Ski de fond : « On peut mener une vie en dehors du sport tout en restant performant » assure Armand Duplantis
Lorsque la fondeuse suédoise Frida Karlsson a publié sur Instagram une réflexion sur la manière de s’entraîner, elle ne s’attendait sans doute pas à recevoir le soutien du recordman du monde de saut à la perche Armand Duplantis. « J’avais besoin de le faire. C’est ma responsabilité envers la prochaine génération », a confié Armand Duplantis au quotidien Expressen.
Le message de la fondeuse de 26 ans, posté le 17 septembre, appelait les athlètes à oser suivre leur propre voie plutôt que de se conformer à des modèles figés. Son texte a largement circulé dans le monde du sport.

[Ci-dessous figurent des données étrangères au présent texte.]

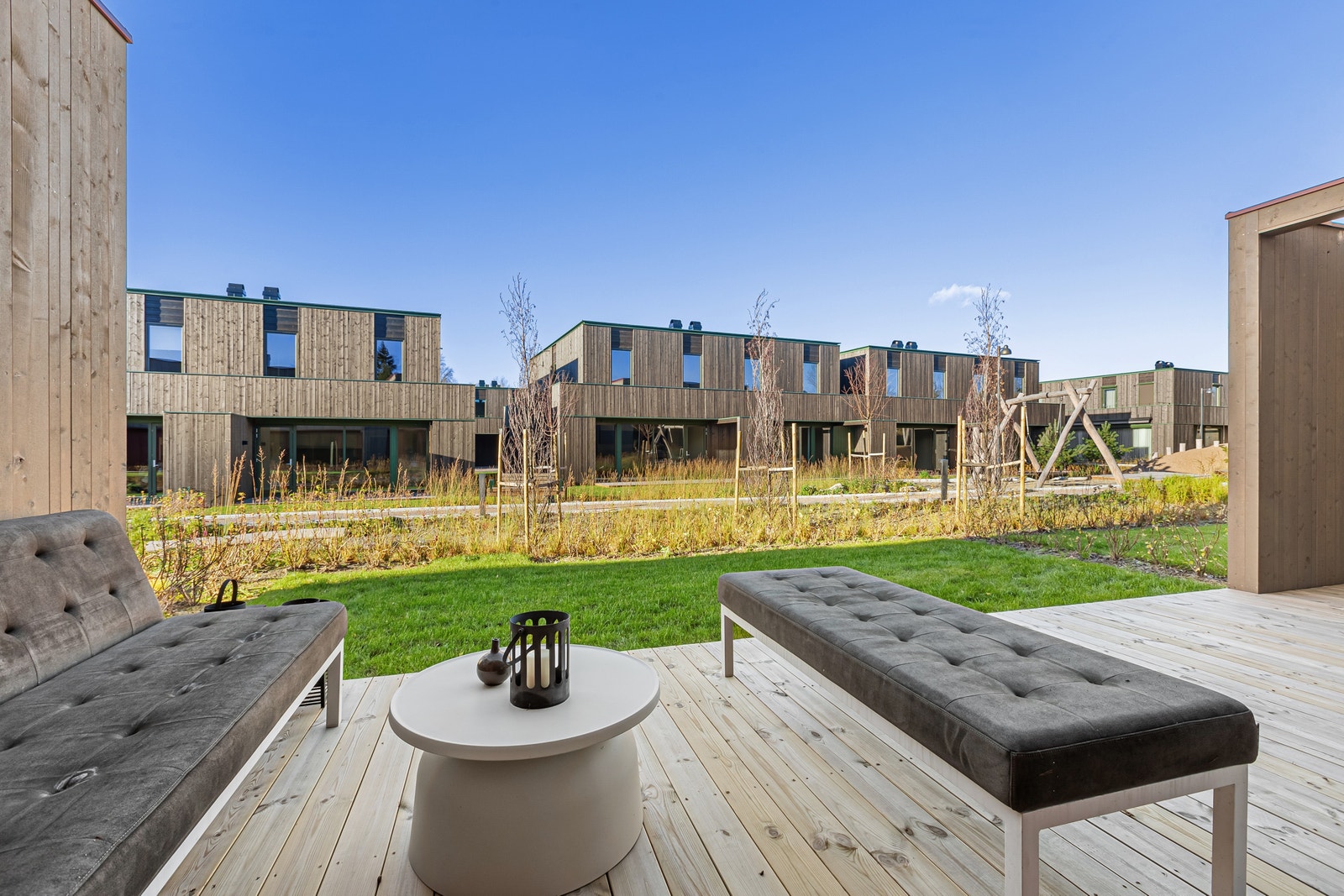 Flott terrasse med skikkelig kveldssol Galleribilde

« Avec toutes les théories, la recherche et l’optimisation, les athlètes ressemblent davantage à des machines qu’à des êtres humains. Ce côté sauvage me manque : l’envie d’essayer, d’échouer, d’apprendre. Le sport devrait être libre et ludique, comme une danse sans chorégraphie », écrivait-elle sur Instagram.
Parmi ceux qui ont salué cette prise de position, Armand Duplantis n’a pas hésité à faire part de son accord. « Je suis d’accord avec Frida. Et je pense être un très bon exemple de la façon dont on peut mener une vie en dehors du sport tout en restant performant. Les gens ne comprennent pas à quel point être heureux et avoir une vie équilibrée améliore la performance. Il ne suffit pas de s’entraîner dur et de suivre un programme. Être un robot n’apporte aucun avantage. »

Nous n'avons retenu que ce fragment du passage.